Fed likely to maintain low rates for a considerable time
Following its meeting on Wednesday the Federal Open Market Committee (FOMC) has said that it can be patient in beginning to normalise the stance of its monetary policy.
Significantly, it added that it is sees this guidance as “consistent with its previous statement that it likely will be appropriate to maintain the 0 to 1/4 percent target range for the federal funds rate for a considerable time following the end of its asset purchase program in October […].”
Wall Street rose sharply following the release of the statement, which has initially been interpreted as signaling the monetary authority is content with continued patience when initiating the cycle of interest rate increases.
As of 19:37 the Dow Jones Industrials was rising 1.45% to reach 17,317 points, followed by a gain of 1.69% in the Nasdaq Composite to 4,625 and an advance of 1.59% to 2,005 out on the S&P 500.
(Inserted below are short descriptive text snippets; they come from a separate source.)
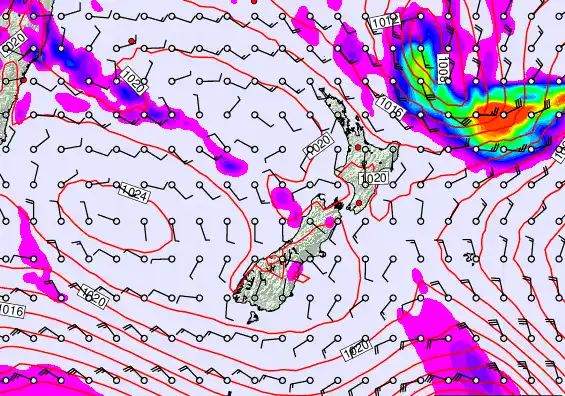 New Zealand forecast chart for Wednesday, March 18th, 2026 at 12:00 PM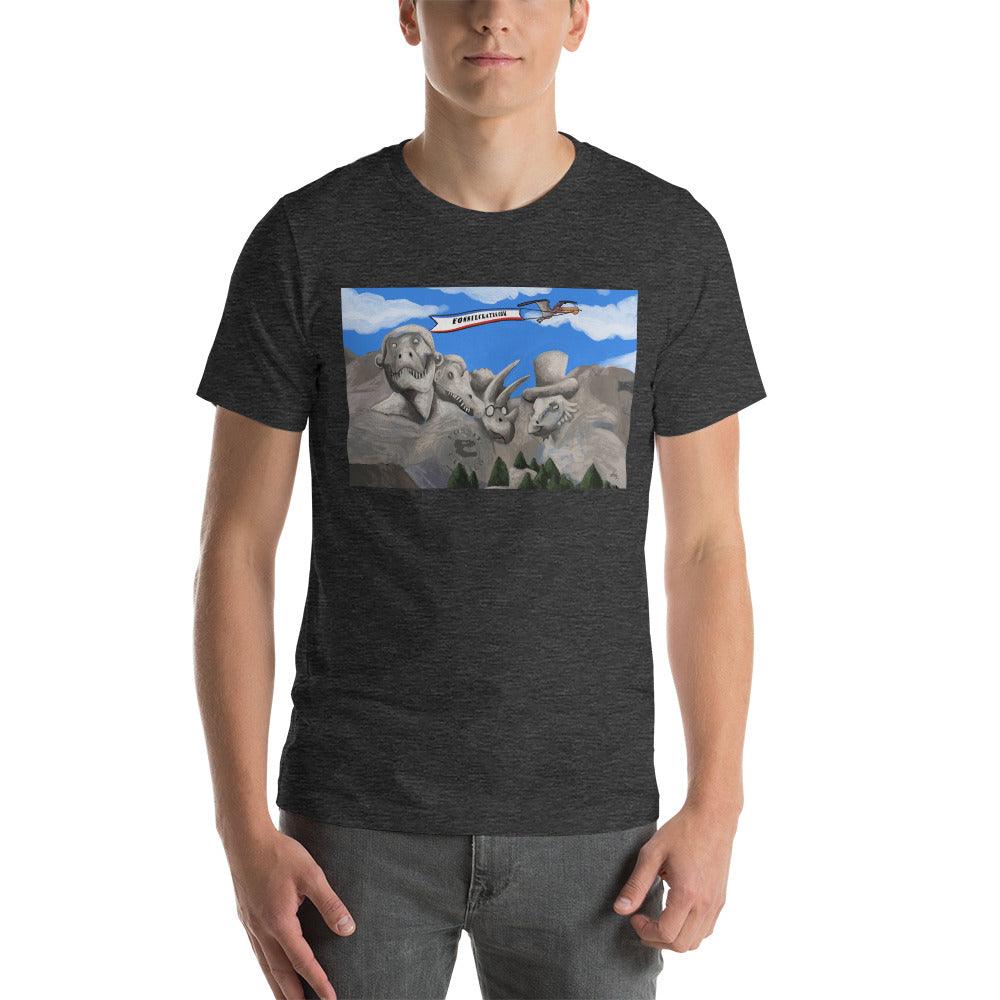 Dino Presidents' Day Dark Colors Unisex T-Shirt - Fossil Crates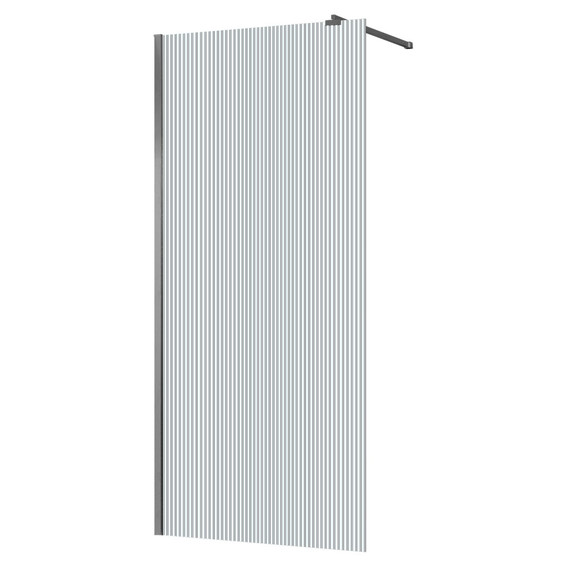 Душевая перегородка Azario Walk-in 90 см AZ-251-90-MGR-CRF (стекло 8 мм) графит матовый/рифленое - фото 2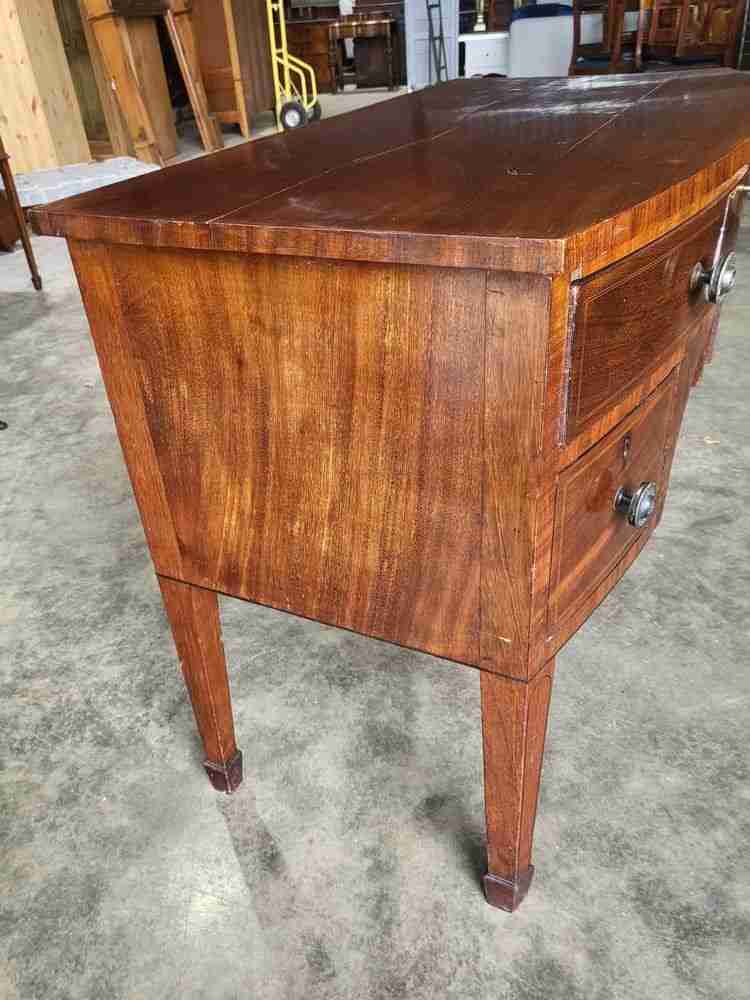 Antique Georgian small bow front mahogany sideboard cabinet server square legs
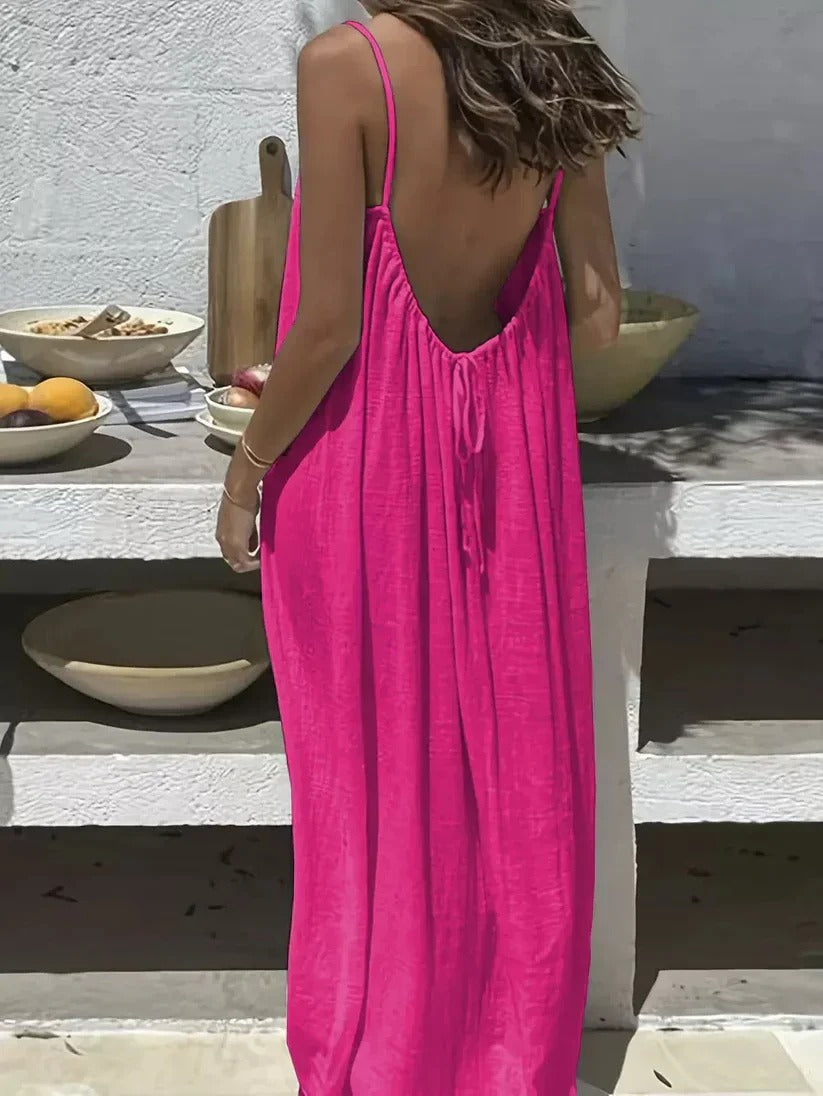 Solid Color Backless Cami Dress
In her post-conference speech Fed chair Janet Yellen said it’s unlikely the monetary authority will raise rates “for at least the next couple of meetings.”
If taken at face value that would mean a first hike in the Fed funds rate would not arrive until April at the soonest.
Indeed, some market observers are pointing out how inflation, as measured by the consumer price index, is expected to fall towards zero per cent towards the middle of next year.